**YOUR ASSIGNMENT**
In the data below, locate the line containing "Vintage Patterned Long Sleeve Knit Top" and the line containing "Angie Light Blue", then retype both and everything between them exactly. Pictures are not part of the copy.

**RECORDS FOR THIS EXERCISE**
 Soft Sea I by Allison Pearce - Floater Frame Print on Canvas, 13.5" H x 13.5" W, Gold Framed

---

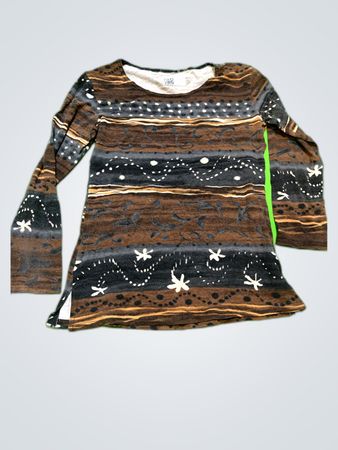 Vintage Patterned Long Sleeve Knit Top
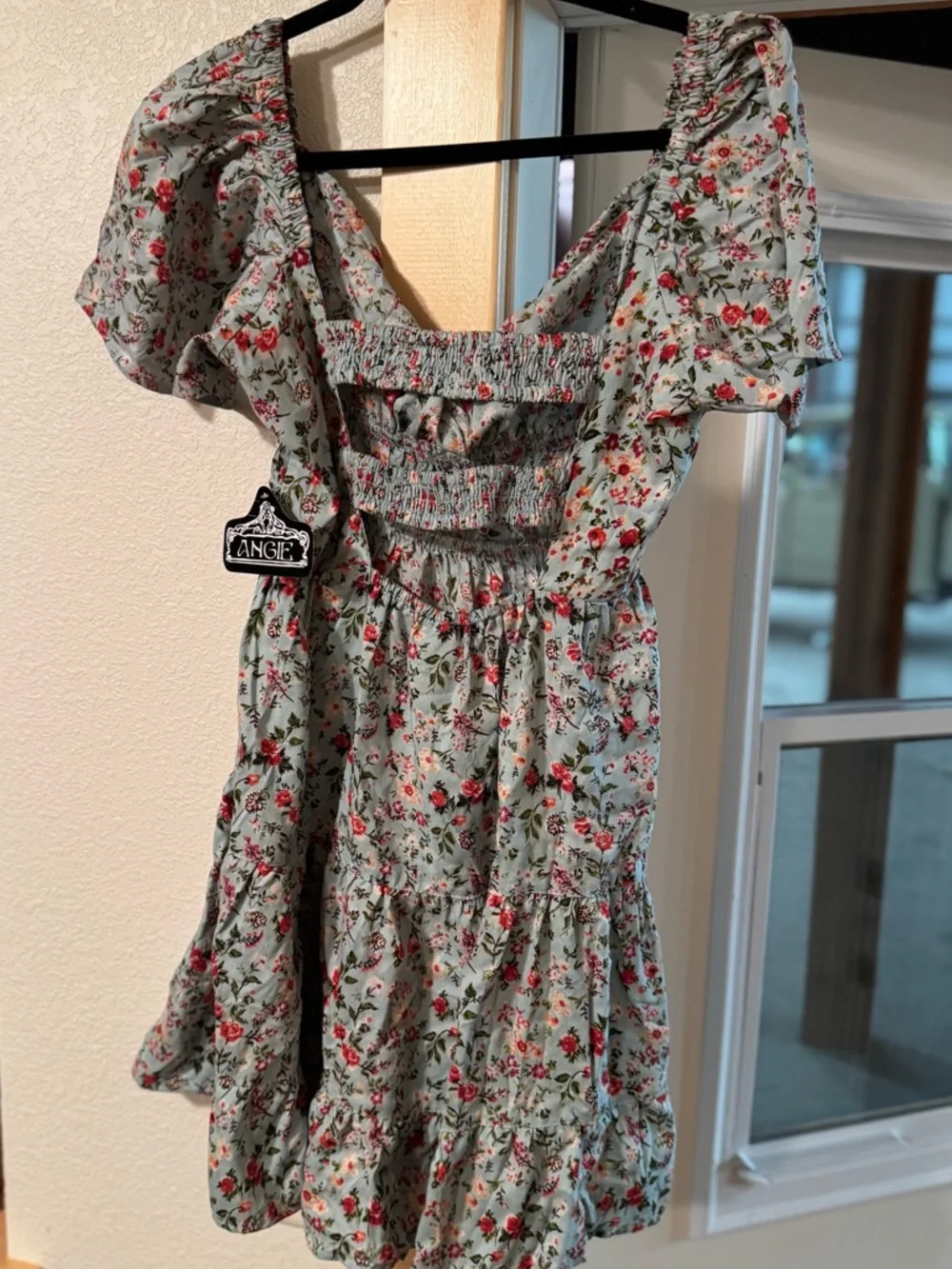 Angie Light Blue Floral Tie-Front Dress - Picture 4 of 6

**SOLUTION TO THIS TASK**
 Vintage Patterned Long Sleeve Knit Top
 Angie Light Blue Floral Tie-Front Dress - Picture 4 of 6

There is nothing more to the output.